Detergen keras berbahaya bagi ikan meski dalam konsentrasi rendah. Natrium dodesil benzene sulfonat, contohnya, walau hanya 5 ppm (bagian per juta), dapat merusak insang ikan. Tanaman air pun terganggu jika kadar detergen keras tinggi karena kemampuan fotosintesis dapat terhenti. Untuk manusia, dampak kesehatan bisa terjadi jika air yang tercemar detergen digunakan untuk konsumsi tanpa lewat pengolahan terlebih dulu.
Di Amerika Serikat, larangan penggunaan fosfat mulai didiskusikan karena polusi di Great Lakes. Sebanyak 17 negara bagian AS melarang sebagian atau seluruhnya penggunaan fosfat di detergen piring, dan dua negara bagian yaitu Maryland dan New York melarang fosfat dalam pencuci piring komersial. Adapun detergen di Australia bebas fosfat tahun 2014 setelah dua perusahaan setuju menghapus elemen yang merusak lingkungan dari produk mereka.
“Kami akan mencoba mencari jenis-jenis detergen yang lebih ramah lingkungan, seperti yang digunakan di Australia atau negara-negara lain,” ujar Isnawa.
Upaya saat ini di DKI adalah pembuatan instalasi pengolah air limbah (IPAL). Kepala Dinas Sumber Daya Air DKI Teguh Hendarwan mengatakan, pihaknya menganggarkan Rp 50 miliar untuk membangun sepuluh IPAL komunal di lahan-lahan milik Pemprov DKI serta 45 IPAL di rumah-rumah pompa.
IPAL komunal di antaranya akan dibangun di Kompleks Rumah Dinas Pemadam Kebakaran di Jakarta Utara serta di sejumlah ruang publik terpadu ramah anak (RPTRA).
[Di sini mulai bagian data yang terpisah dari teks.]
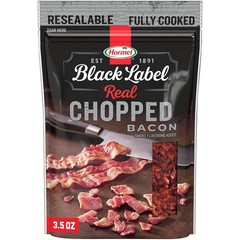 Hormel Black Label Fully Cooked 100% Real Chopped Bacon, Natural Smoked, 3.5 Oz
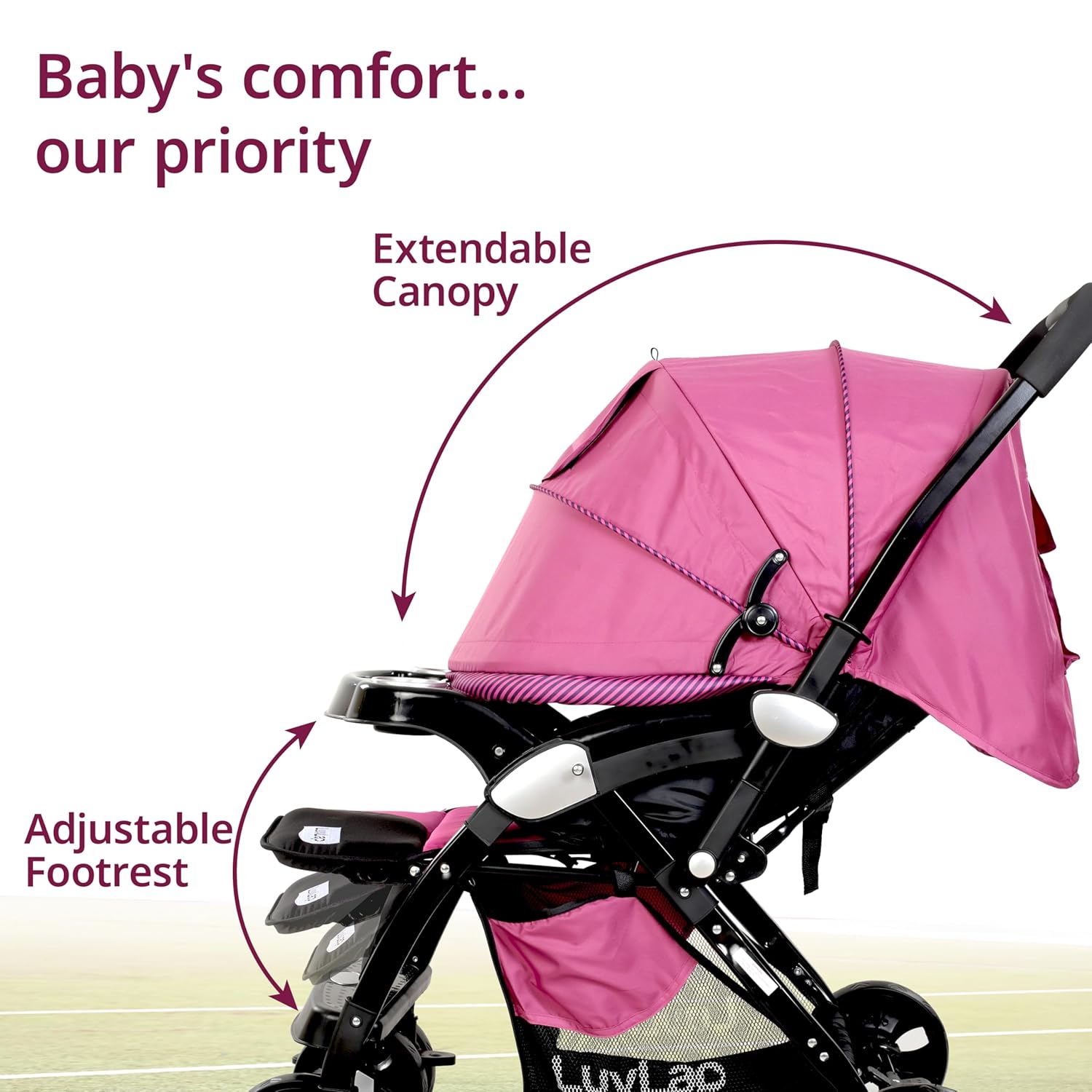 LuvLap Galaxy Baby Stroller & Pram Pink with Reversible Handle, 5-Point Safety Harness & Reclining Seat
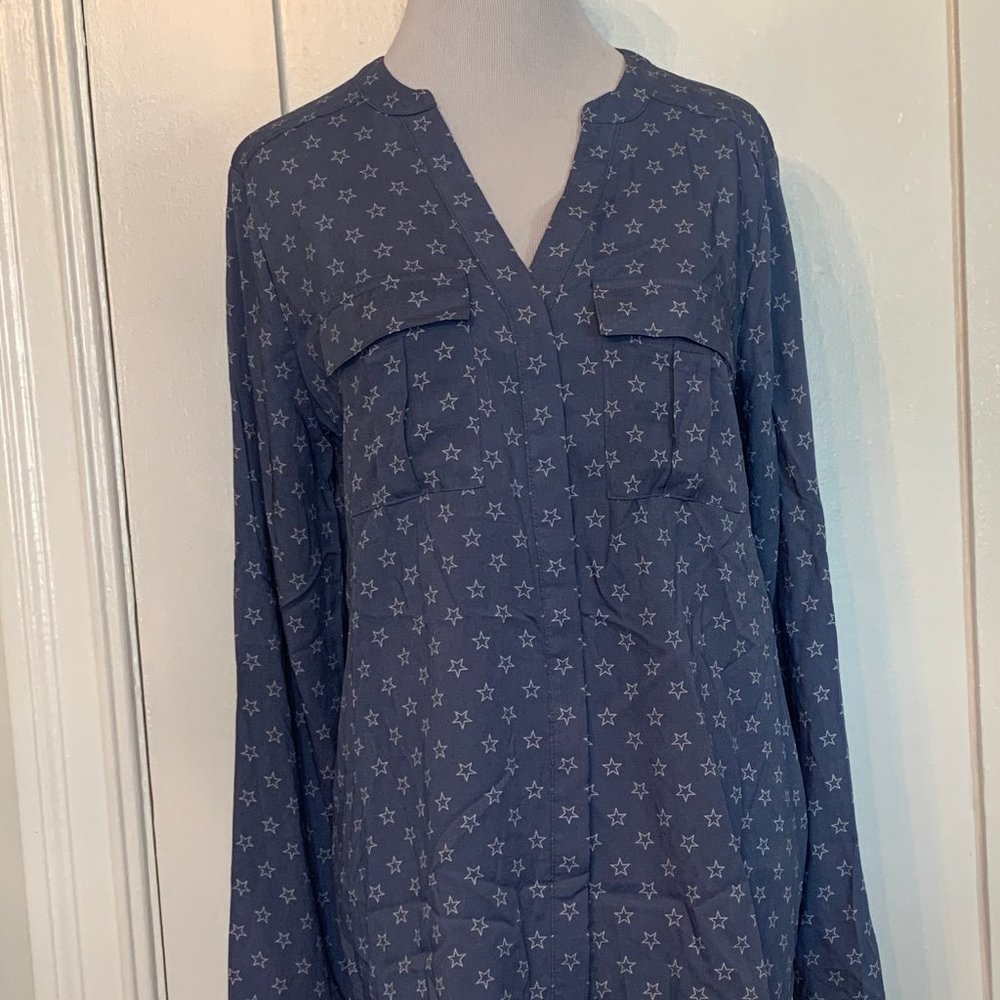NWT blue button down rayon long sleeve blo…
Selain itu, IPAL Komunal juga dibangun di area Waduk Jagakarsa dan Setu Babakan di Jakarta Selatan, serta di Waduk Kampung Rambutan dan Kaja di Jakarta Timur.
Namun, Anies berpendapat, solusi IPAL komunal tidak akan cukup. Penanganan mesti dari hulu, yaitu menekan penggunaan detergen tidak ramah lingkungan.